GOAL OF THE EXERCISE:
Each line of the material should be set down exactly. Pictures are not part of the copy.

(SOURCE RECORDS)

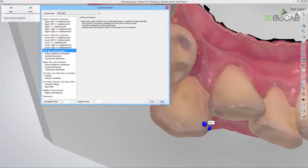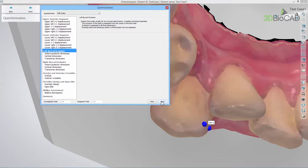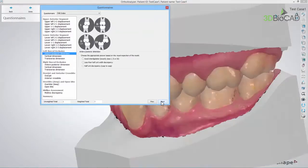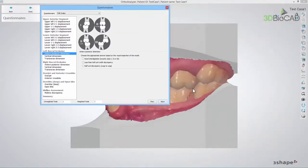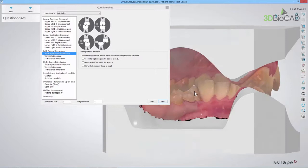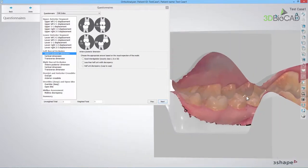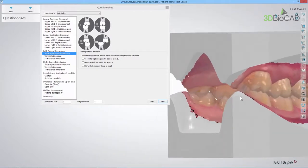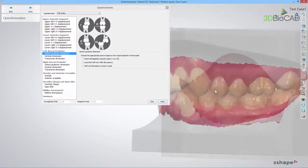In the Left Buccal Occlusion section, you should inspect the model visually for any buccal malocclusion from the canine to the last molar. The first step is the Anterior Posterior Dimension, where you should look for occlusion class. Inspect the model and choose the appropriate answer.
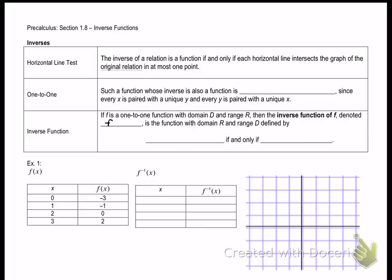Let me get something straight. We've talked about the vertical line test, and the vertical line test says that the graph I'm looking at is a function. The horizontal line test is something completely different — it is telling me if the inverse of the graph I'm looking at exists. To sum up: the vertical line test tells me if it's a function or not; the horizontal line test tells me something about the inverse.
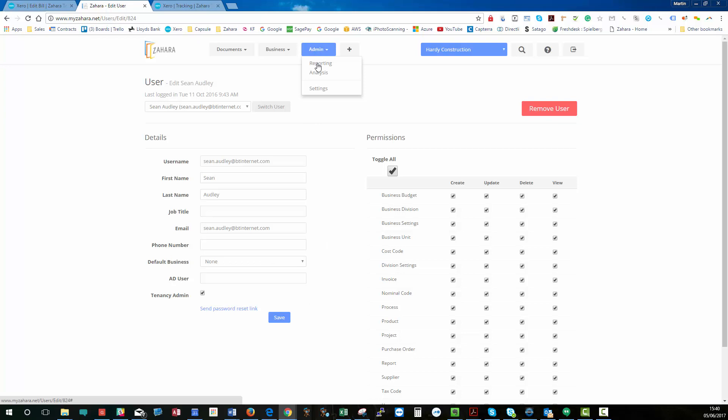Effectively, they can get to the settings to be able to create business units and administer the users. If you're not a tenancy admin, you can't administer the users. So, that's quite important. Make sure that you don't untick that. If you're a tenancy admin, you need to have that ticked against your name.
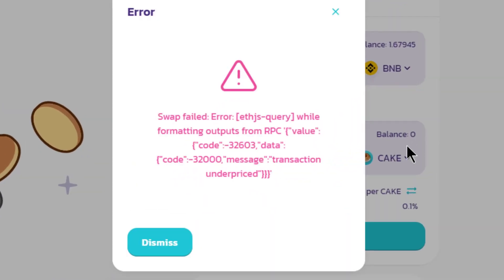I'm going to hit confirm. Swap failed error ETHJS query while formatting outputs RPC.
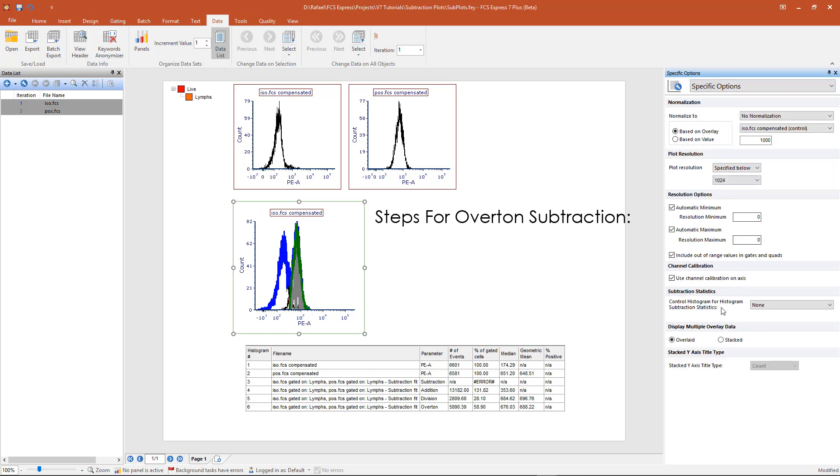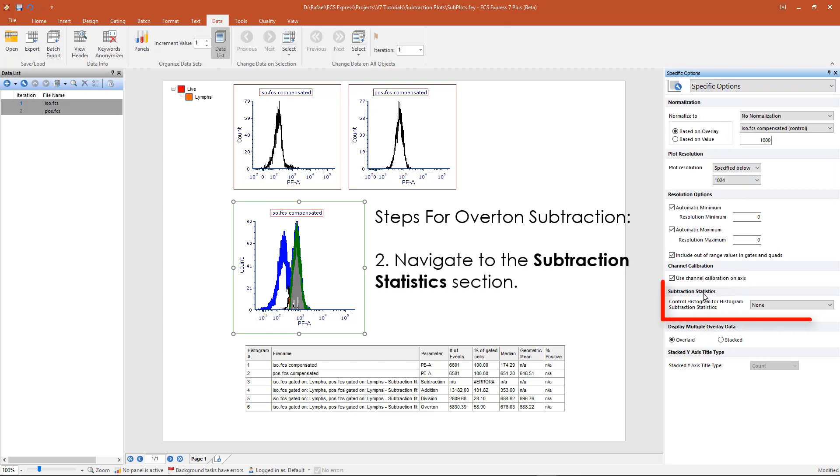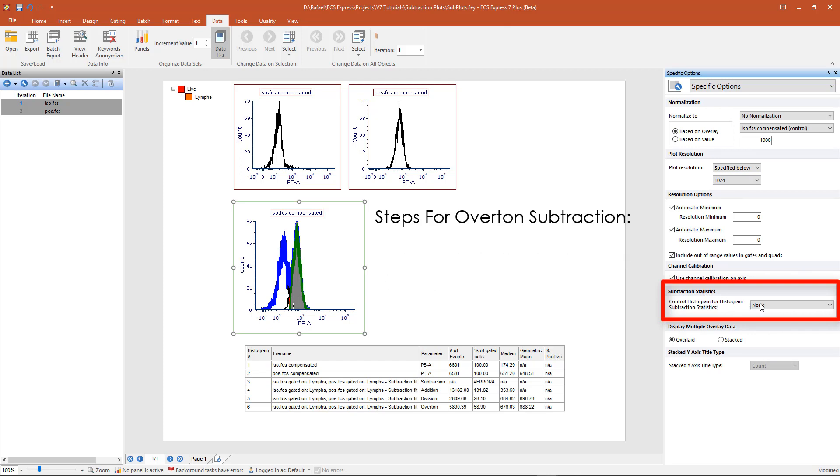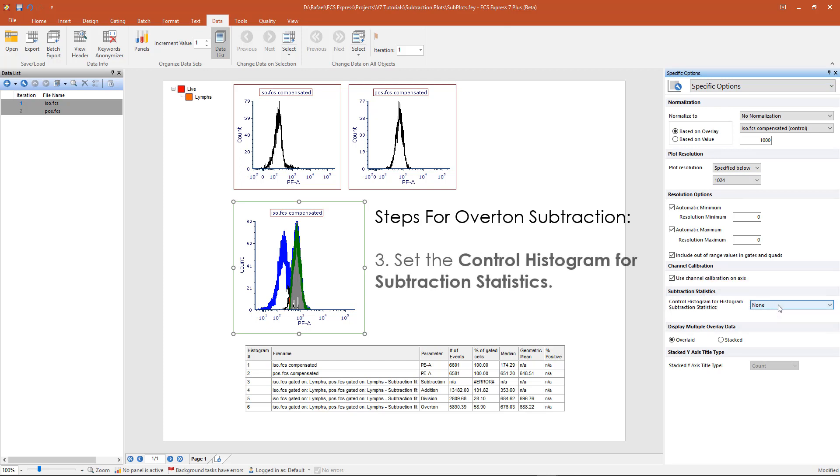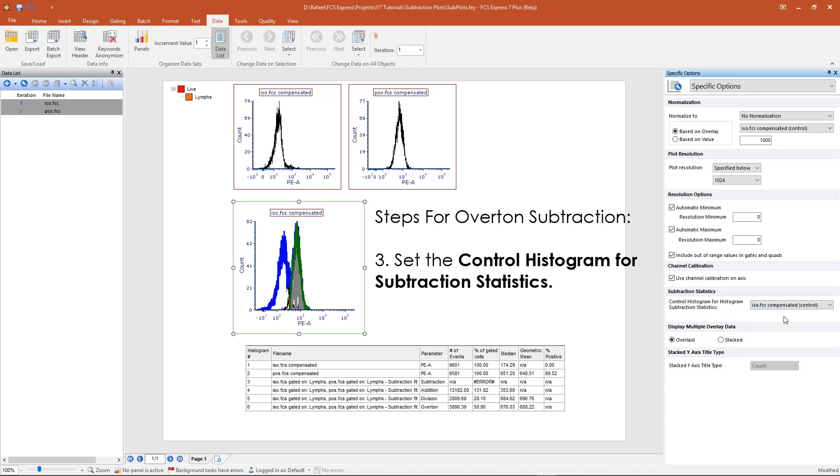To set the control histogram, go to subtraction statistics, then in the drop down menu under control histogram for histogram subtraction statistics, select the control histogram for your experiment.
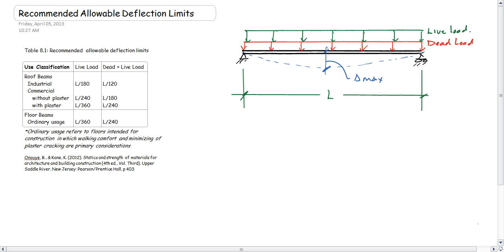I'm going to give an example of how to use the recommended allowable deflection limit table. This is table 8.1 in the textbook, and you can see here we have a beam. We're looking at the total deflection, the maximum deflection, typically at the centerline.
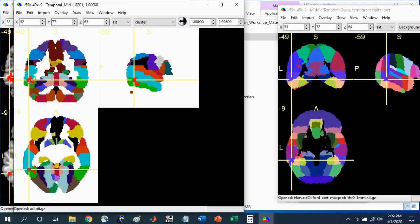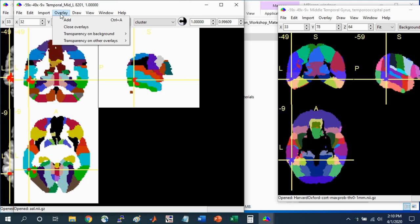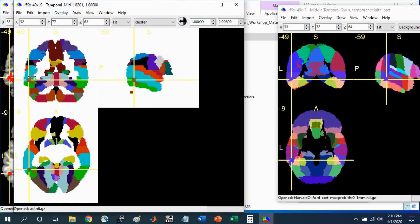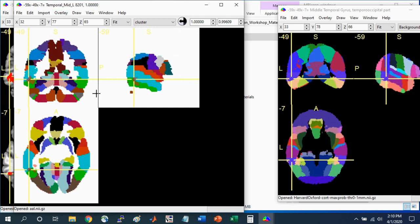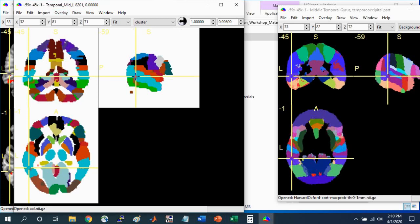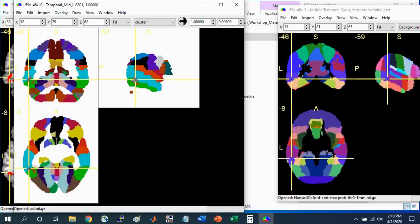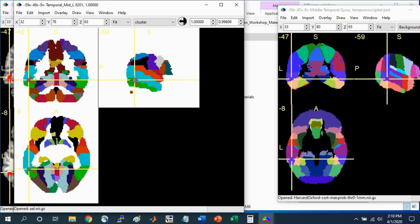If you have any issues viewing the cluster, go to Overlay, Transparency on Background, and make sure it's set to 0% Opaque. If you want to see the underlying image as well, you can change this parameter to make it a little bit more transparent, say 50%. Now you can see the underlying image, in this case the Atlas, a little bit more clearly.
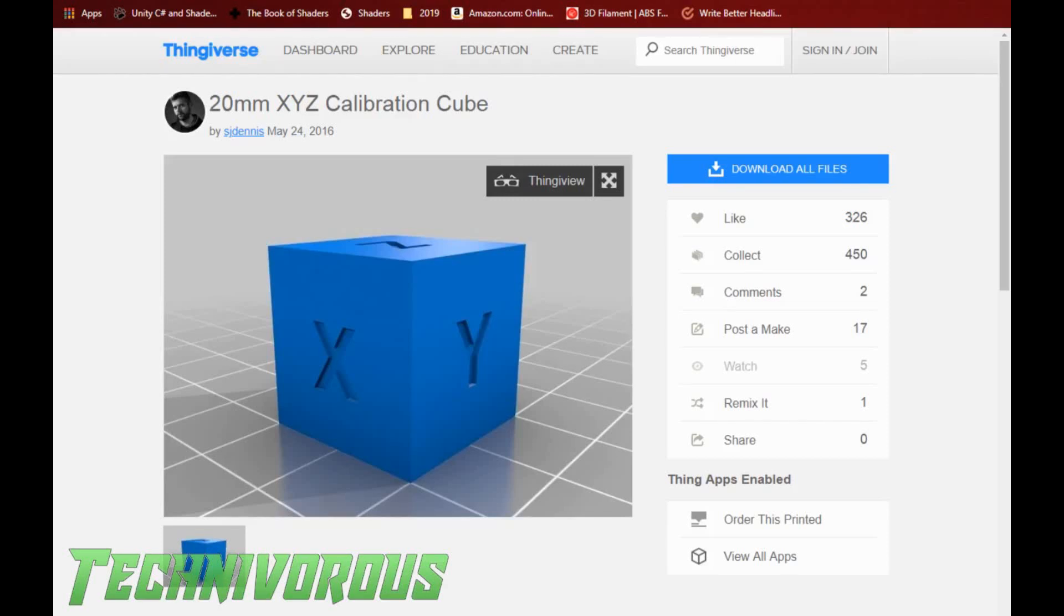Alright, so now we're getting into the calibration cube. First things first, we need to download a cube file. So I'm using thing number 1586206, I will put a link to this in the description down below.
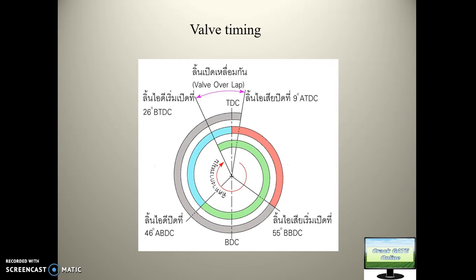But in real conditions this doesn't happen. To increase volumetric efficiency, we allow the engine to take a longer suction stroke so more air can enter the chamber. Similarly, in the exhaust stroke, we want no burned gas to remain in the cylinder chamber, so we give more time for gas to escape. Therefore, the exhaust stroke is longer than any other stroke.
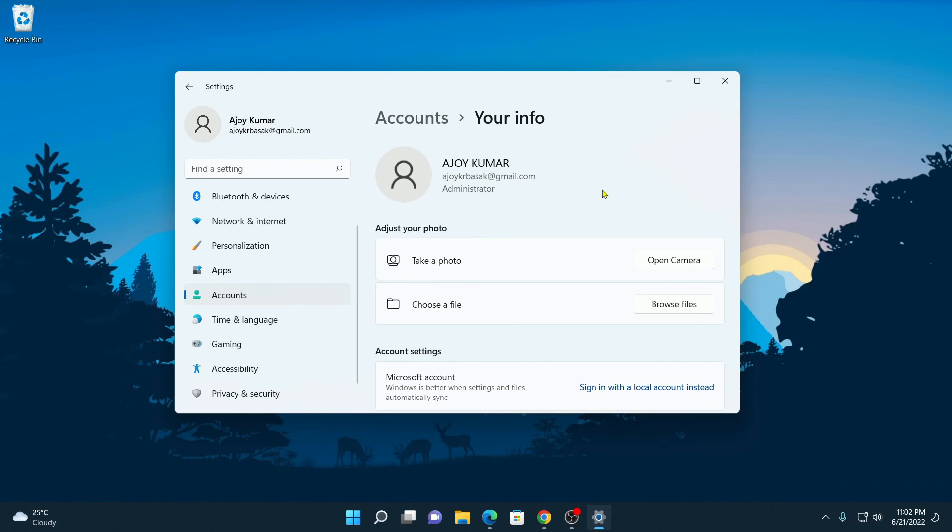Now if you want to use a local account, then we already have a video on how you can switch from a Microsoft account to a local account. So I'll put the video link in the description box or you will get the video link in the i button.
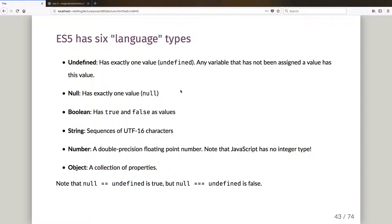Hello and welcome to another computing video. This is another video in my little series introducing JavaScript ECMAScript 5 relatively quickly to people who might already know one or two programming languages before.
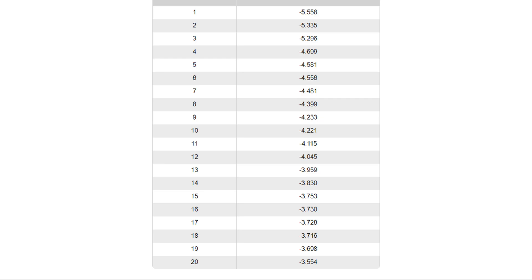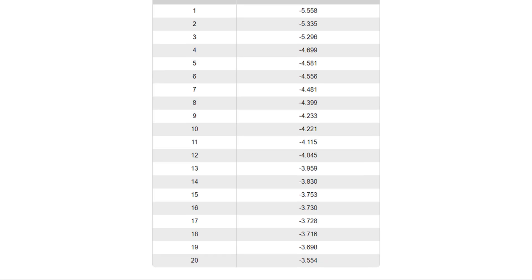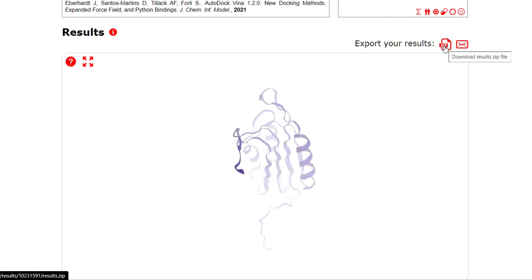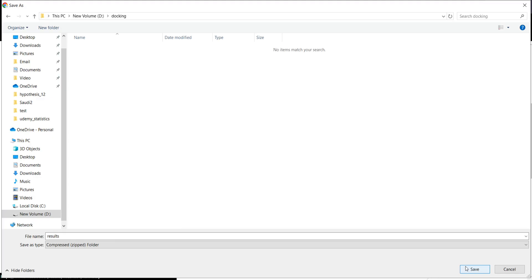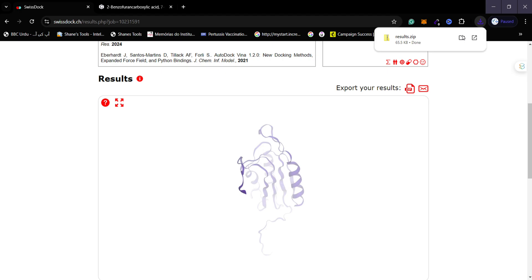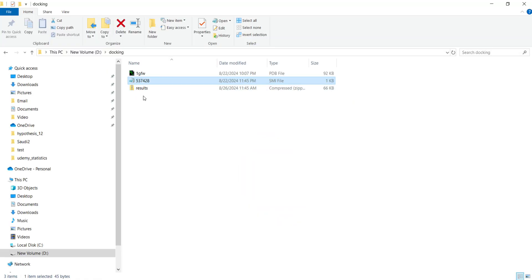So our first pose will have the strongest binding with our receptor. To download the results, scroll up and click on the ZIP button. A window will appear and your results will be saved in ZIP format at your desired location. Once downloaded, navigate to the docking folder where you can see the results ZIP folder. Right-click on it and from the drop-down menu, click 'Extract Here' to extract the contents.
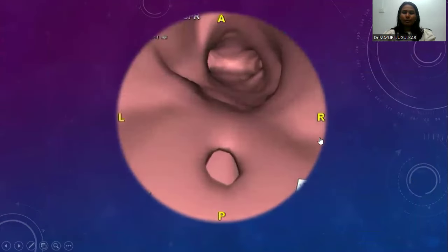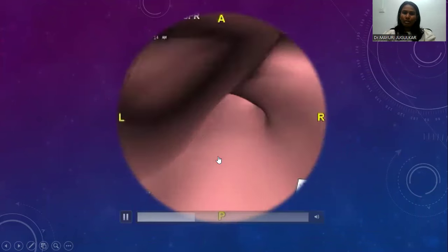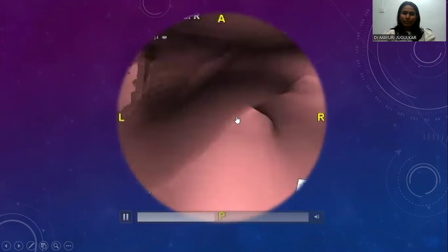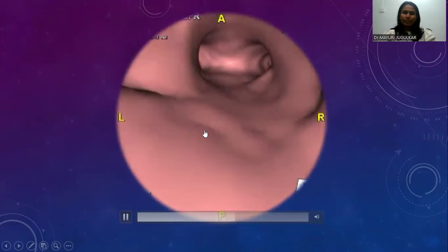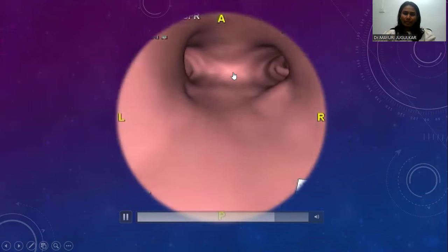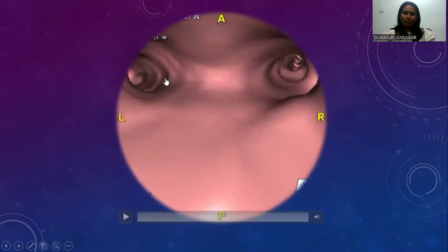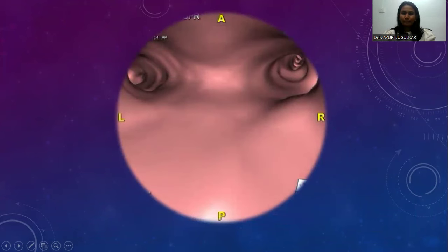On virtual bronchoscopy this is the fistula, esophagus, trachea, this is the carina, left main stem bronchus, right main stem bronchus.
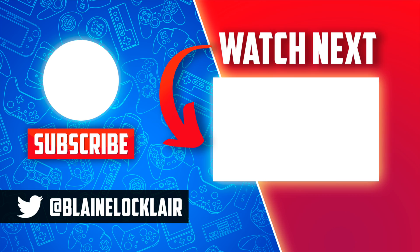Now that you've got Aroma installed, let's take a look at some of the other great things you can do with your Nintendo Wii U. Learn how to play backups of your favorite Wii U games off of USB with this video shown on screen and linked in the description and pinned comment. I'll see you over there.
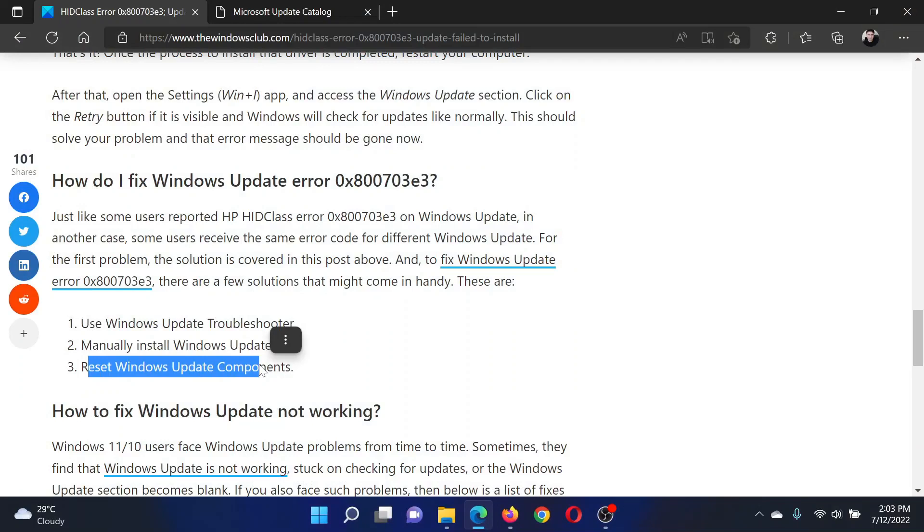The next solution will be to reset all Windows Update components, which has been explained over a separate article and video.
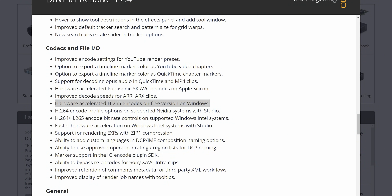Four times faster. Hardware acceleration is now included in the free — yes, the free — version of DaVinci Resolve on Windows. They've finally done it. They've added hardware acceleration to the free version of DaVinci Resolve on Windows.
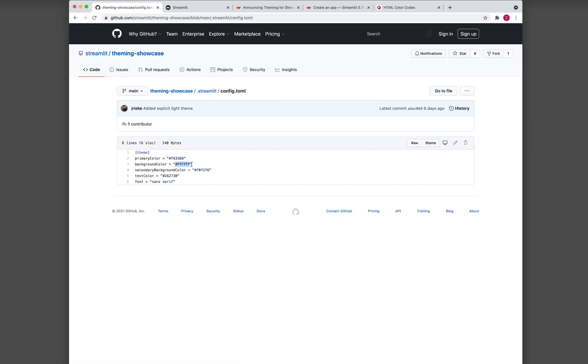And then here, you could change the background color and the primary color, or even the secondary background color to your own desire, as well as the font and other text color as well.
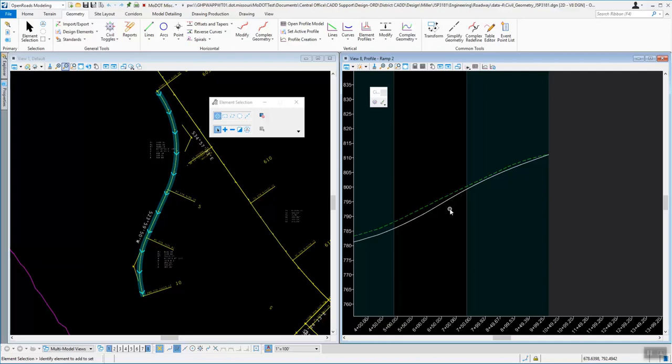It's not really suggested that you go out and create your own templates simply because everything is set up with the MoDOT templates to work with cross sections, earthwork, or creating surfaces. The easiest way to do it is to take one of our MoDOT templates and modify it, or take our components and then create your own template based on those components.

(End SOURCE RECORDS)

ANSWER BOX:
In the Left Buccal Occlusion section, you should inspect the model visually for any buccal malocclusion from the canine to the last molar. The first step is the Anterior Posterior Dimension, where you should look for occlusion class. Inspect the model and choose the appropriate answer.
Let me get something straight. We've talked about the vertical line test, and the vertical line test says that the graph I'm looking at is a function. The horizontal line test is something completely different — it is telling me if the inverse of the graph I'm looking at exists. To sum up: the vertical line test tells me if it's a function or not; the horizontal line test tells me something about the inverse.
Effectively, they can get to the settings to be able to create business units and administer the users. If you're not a tenancy admin, you can't administer the users. So, that's quite important. Make sure that you don't untick that. If you're a tenancy admin, you need to have that ticked against your name.
I'm going to hit confirm. Swap failed error ETHJS query while formatting outputs RPC.
To set the control histogram, go to subtraction statistics, then in the drop down menu under control histogram for histogram subtraction statistics, select the control histogram for your experiment.
I'm going to give an example of how to use the recommended allowable deflection limit table. This is table 8.1 in the textbook, and you can see here we have a beam. We're looking at the total deflection, the maximum deflection, typically at the centerline.
If you have any issues viewing the cluster, go to Overlay, Transparency on Background, and make sure it's set to 0% Opaque. If you want to see the underlying image as well, you can change this parameter to make it a little bit more transparent, say 50%. Now you can see the underlying image, in this case the Atlas, a little bit more clearly.
Alright, so now we're getting into the calibration cube. First things first, we need to download a cube file. So I'm using thing number 1586206, I will put a link to this in the description down below.
But in real conditions this doesn't happen. To increase volumetric efficiency, we allow the engine to take a longer suction stroke so more air can enter the chamber. Similarly, in the exhaust stroke, we want no burned gas to remain in the cylinder chamber, so we give more time for gas to escape. Therefore, the exhaust stroke is longer than any other stroke.
Now if you want to use a local account, then we already have a video on how you can switch from a Microsoft account to a local account. So I'll put the video link in the description box or you will get the video link in the i button.
Hello and welcome to another computing video. This is another video in my little series introducing JavaScript ECMAScript 5 relatively quickly to people who might already know one or two programming languages before.
So our first pose will have the strongest binding with our receptor. To download the results, scroll up and click on the ZIP button. A window will appear and your results will be saved in ZIP format at your desired location. Once downloaded, navigate to the docking folder where you can see the results ZIP folder. Right-click on it and from the drop-down menu, click 'Extract Here' to extract the contents.
On virtual bronchoscopy this is the fistula, esophagus, trachea, this is the carina, left main stem bronchus, right main stem bronchus.
Now that you've got Aroma installed, let's take a look at some of the other great things you can do with your Nintendo Wii U. Learn how to play backups of your favorite Wii U games off of USB with this video shown on screen and linked in the description and pinned comment. I'll see you over there.
The next solution will be to reset all Windows Update components, which has been explained over a separate article and video.
Four times faster. Hardware acceleration is now included in the free — yes, the free — version of DaVinci Resolve on Windows. They've finally done it. They've added hardware acceleration to the free version of DaVinci Resolve on Windows.
And then here, you could change the background color and the primary color, or even the secondary background color to your own desire, as well as the font and other text color as well.
It's not really suggested that you go out and create your own templates simply because everything is set up with the MoDOT templates to work with cross sections, earthwork, or creating surfaces. The easiest way to do it is to take one of our MoDOT templates and modify it, or take our components and then create your own template based on those components.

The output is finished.